(Extracted data):
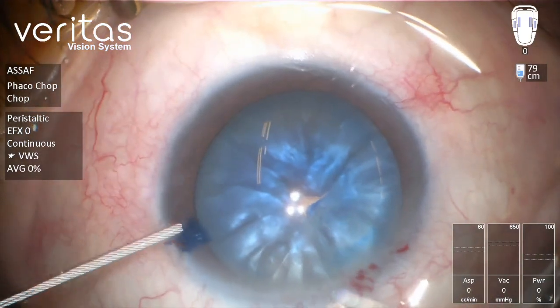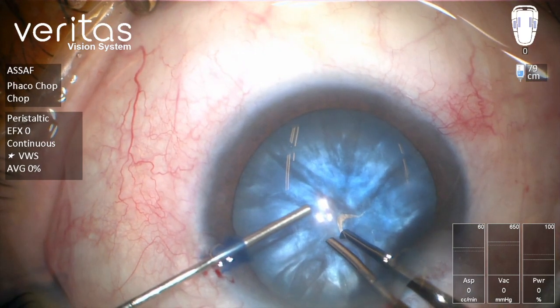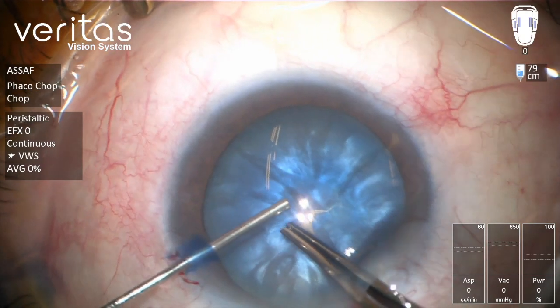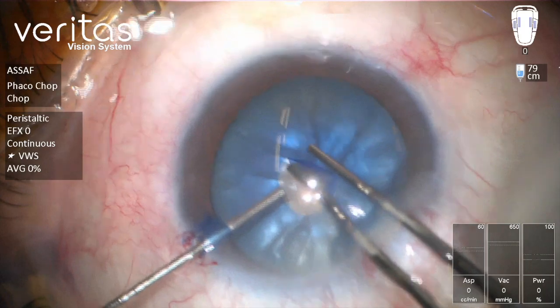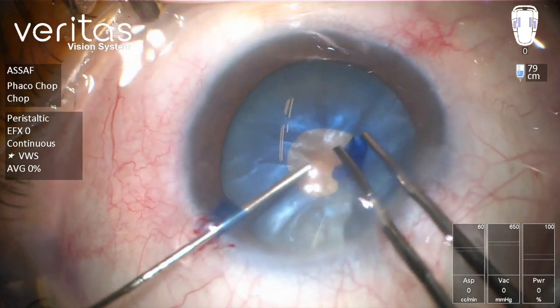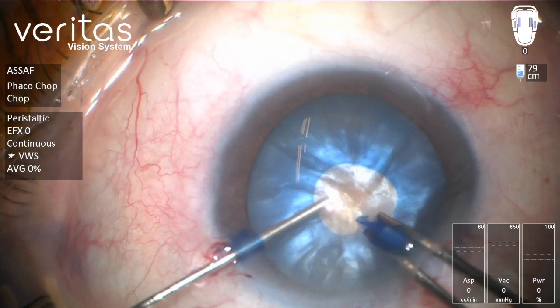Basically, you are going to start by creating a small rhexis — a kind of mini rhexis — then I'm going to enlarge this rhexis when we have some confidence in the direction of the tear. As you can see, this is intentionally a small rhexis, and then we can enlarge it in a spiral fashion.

--

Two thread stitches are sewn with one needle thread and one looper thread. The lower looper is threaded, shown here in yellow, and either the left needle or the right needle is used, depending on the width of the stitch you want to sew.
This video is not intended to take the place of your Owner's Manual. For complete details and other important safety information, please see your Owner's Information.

(Work instruction): Within the material above, extract exactly the lines that start at the line containing "Two thread stitches" and stop after the line containing "This video is", and only those.

(Solution to this task):
Two thread stitches are sewn with one needle thread and one looper thread. The lower looper is threaded, shown here in yellow, and either the left needle or the right needle is used, depending on the width of the stitch you want to sew.
This video is not intended to take the place of your Owner's Manual. For complete details and other important safety information, please see your Owner's Information.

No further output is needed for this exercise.